__INFORMATION PROVIDED__.
◆ ◆ ◆ ◆ ◆
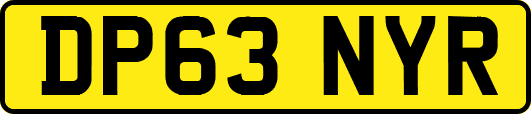 DP63NYR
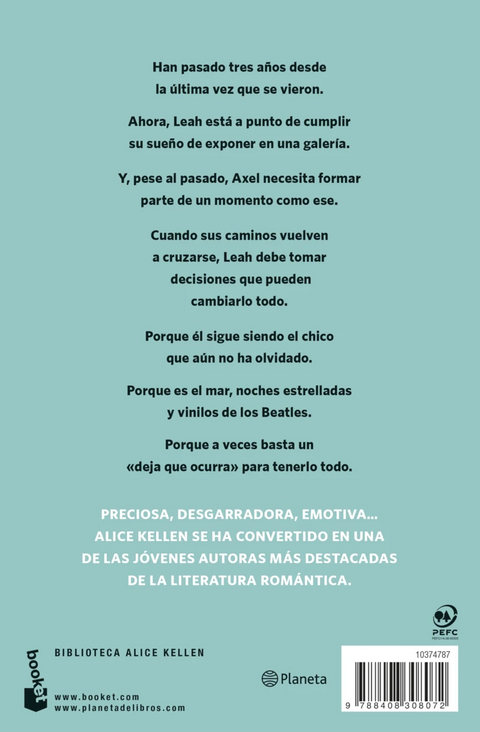 Todo lo que somos juntos - Alice Kellen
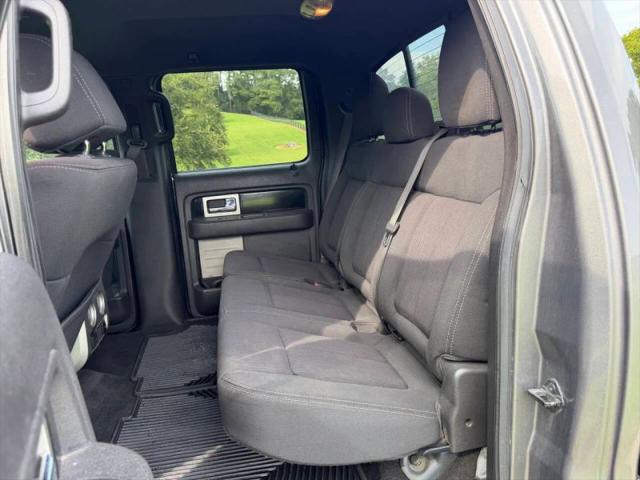 2012 Ford F-150 FX2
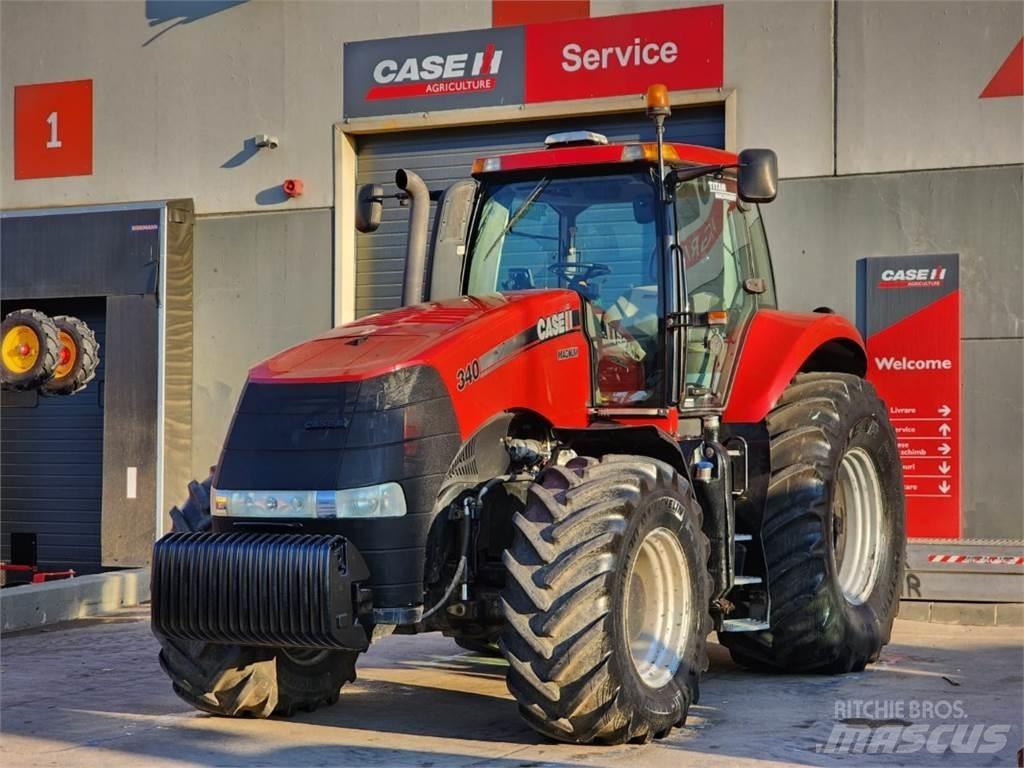 Case IH Magnum 340 Traktory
◆ ◆ ◆ ◆ ◆
__WHAT NEEDS TO BE DONE__.
All of the material above should be copied exactly, minus the pictures.

__COMPLETED EXERCISE__.
 DP63NYR
 Todo lo que somos juntos - Alice Kellen
 2012 Ford F-150 FX2
 Case IH Magnum 340 Traktory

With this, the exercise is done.